Andy Strenk

Personal information
- Full name: Andrew Edward Strenk
- Nickname: "Andy"
- National team: United States
- Born: July 7, 1949 (age 77) Philadelphia, Pennsylvania, U.S.
- Height: 6 ft 2 in (1.88 m)
- Weight: 165 lb (75 kg)

Sport
- Sport: Swimming
- Strokes: Freestyle
- Club: Los Angeles Athletic Club
- College team: University of Southern California

Medal record
Men's swimming
Representing the United States
Pan American Games
| Bronze medal – third place | 1967 Winnipeg | 1500 m freestyle |
Universiade
| Gold medal – first place | 1970 Turin | 400 m freestyle |
| Gold medal – first place | 1970 Turin | 1500 m freestyle |
| Gold medal – first place | 1970 Turin | 4x200 m freestyle |
| Silver medal – second place | 1967 Tokyo | 1500 m freestyle |

= Andy Strenk =

American swimmer (born 1949)

Andrew Edward Strenk (born July 7, 1949) is an American former competition swimmer and Pan American Games medalist.

==Sporting Achievements==

Strenk represented the United States at the 1968 Summer Olympics in Mexico City. He swam for the gold medal-winning U.S. team in the preliminary heats of the men's 4×200-meter freestyle relay. He did not receive a medal, however; under the 1968 international swimming rules, only those relay swimmers who swam in the event final were eligible to receive a medal.

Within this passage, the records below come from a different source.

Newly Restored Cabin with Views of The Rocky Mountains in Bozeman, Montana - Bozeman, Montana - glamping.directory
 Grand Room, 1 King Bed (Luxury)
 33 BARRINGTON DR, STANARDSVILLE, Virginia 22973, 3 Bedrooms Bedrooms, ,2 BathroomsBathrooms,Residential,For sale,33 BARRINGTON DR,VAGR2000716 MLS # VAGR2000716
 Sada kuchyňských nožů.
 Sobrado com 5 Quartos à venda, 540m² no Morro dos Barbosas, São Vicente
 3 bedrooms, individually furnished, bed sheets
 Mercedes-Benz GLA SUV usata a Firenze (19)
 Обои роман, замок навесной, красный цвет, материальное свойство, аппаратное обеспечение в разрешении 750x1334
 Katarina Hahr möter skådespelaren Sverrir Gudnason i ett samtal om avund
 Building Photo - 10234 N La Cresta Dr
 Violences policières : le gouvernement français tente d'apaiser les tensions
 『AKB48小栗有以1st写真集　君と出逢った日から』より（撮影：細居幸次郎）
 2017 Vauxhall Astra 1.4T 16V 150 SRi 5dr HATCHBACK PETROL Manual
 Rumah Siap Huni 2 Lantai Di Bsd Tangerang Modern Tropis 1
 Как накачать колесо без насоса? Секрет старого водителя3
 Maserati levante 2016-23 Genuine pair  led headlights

Prior to the 1968 Olympics, Strenk was a member of the U.S. national team assembled for the 1967 Pan American Games in Winnipeg, Canada, where he won a bronze medal in the men's 1,500-meter freestyle with a time of 17:03.43. After the Olympic Games, he was a gold medalist in the men's 400-meter freestyle, 1,500-meter freestyle, and 4×200-meter freestyle relay at the 1970 World University Games held in Turin, Italy. He was also a member of the 1971 Pan American Games team that competed in Cali, Colombia in 1971. Strenk attended the University of Southern California, where he swam for the USC Trojans swimming and diving team and was a three-year All American.

==Life and career==

He graduated from Southern Cal with his bachelor's degree in history and Phi Beta Kappa honors in 1971, and earned a master's degree from the University of Würzburg in 1975. His thesis was on "American-Russian Relations During the American Civil War". He later returned to Southern California and completed his doctorate in European history, and served as a lecturer at his alma mater from 1978-1983.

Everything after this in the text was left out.